El seleccionador Thomas Rongen se refirió al significado del certamen en sus declaraciones a FIFA.com el día antes de la derrota ante Austria. "Para un país con una tradición futbolística reciente como Estados Unidos es importante jugar un fútbol atractivo y de ataque", aseguró este veterano técnico nacido en Holanda. "A fin de cuentas, en categorías inferiores, el juego que practicas es quizá más importante que los resultados. Estamos progresando a pasos agigantados y la gente está empezando a hablar del buen fútbol que practica Estados Unidos, y eso es algo que no estamos acostumbrados a oír".

Como Rongen subraya, el legado de este combinado estadounidense será el de la confirmación de los grandes progresos que se están realizando en la dirección correcta. Mientras que, en el pasado, las selecciones norteamericanas se han mostrado en ocasionas ingenuas tácticamente, este equipo imaginativo y dinámico llegó a Canadá con el objetivo de alcanzar las semifinales, un paso más allá que la última vez en que Rongen dirigió al combinado estadounidense, en Emiratos Árabes Unidos 2003, donde Estados Unidos cayó en un apretado duelo de cuartos de final ante una Argentina que lideraba Javier Mascherano.

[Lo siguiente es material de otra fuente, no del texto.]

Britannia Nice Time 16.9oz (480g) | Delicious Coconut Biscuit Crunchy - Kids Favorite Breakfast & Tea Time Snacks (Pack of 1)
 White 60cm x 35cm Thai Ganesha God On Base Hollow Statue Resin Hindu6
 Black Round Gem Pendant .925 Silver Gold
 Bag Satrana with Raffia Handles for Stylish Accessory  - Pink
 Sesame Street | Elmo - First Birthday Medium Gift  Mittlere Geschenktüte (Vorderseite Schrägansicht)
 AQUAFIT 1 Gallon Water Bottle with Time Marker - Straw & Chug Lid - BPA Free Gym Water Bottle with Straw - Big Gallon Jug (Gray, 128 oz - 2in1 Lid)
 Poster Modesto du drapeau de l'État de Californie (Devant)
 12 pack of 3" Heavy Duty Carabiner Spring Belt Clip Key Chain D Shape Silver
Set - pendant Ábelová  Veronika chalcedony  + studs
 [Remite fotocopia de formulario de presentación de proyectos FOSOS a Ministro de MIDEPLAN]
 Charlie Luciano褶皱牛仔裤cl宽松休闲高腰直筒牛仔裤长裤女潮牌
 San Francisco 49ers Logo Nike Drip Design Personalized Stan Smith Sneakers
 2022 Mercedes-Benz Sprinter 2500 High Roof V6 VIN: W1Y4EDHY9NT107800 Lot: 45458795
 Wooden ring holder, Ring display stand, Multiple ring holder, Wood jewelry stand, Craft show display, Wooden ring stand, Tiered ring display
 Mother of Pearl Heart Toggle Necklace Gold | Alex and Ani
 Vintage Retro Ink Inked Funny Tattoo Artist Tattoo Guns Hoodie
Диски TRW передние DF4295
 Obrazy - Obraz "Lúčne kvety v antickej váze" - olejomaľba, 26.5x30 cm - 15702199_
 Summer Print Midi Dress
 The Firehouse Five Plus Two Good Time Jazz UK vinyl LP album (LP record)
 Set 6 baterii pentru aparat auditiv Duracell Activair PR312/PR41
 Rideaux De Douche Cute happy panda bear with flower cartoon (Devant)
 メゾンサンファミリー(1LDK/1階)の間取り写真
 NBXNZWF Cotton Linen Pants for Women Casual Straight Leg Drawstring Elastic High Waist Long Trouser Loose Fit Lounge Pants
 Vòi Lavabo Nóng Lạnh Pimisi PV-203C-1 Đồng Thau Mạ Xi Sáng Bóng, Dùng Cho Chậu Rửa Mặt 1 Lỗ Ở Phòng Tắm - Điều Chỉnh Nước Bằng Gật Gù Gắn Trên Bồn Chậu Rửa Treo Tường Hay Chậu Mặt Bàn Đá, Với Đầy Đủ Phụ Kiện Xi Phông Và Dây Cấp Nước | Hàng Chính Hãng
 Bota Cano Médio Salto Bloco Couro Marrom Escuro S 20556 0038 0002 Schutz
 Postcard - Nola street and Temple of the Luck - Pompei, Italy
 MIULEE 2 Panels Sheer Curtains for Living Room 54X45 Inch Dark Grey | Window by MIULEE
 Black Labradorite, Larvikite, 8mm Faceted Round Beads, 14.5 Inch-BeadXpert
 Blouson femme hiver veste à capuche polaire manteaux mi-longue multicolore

Al final, el seleccionado estadounidense fracasó en su intento de lograr el objetivo marcado, pero si el propósito de un proyecto sub-20 es nutrir de estrellas a las selecciones absolutas del futuro, Estados Unidos han conquistado grandes metas en la cita de Canadá.

Futuros brillantes
Bradley y Szetela destacaron como verdaderos colosos en las labores de contención. Adu tuvo días de auténtica brillantez, especialmente el del 2-1 sobre Brasil. Josmer Altidore se mostró como un delantero de una tremenda proyección, dotado de la astucia y la fuerza física necesarias para dominar la pelota y anotar muchos goles.

En las bandas, los universitarios Tony Beltran y Sal Zizzo, de la Universidad de California de Los Ángeles, no desentonaron en un equipo de profesionales y sobresalieron por su habilidad y la precisión de sus centros. Todo apunta a que ambos jugadores tendrán brillantes carreras una vez que finalicen sus estudios en la soleada California.

En líneas generales, Estados Unidos echó en falta una mayor experiencia en partidos decisivos, lo que es comprensible si nos guiamos por las palabras de Rongen, que define la tradición futbolística de Estados Unidos como "aún en formación". Tras arrollar en la fase de grupos, el combinado norteamericano demostró que la tensión de las eliminatorias todavía le viene un poco grande. Con todo, Rongen, que logró que su equipo jugara el fútbol más atractivo y técnico que ninguna selección estadounidense haya practicado nunca, hace balance positivo de la experiencia.

"Lógicamente, siempre quieres ganar, pero, si el mundo comienza a darse cuenta de que en Estados Unidos se está jugando un fútbol ofensivo y de calidad, podemos estar seguros de haber avanzado en la dirección apropiada", aseguró. "Estamos muy decepcionados porque no logramos nuestro objetivo en Canadá. No obstante, podemos sacar más conclusiones positivas que negativas".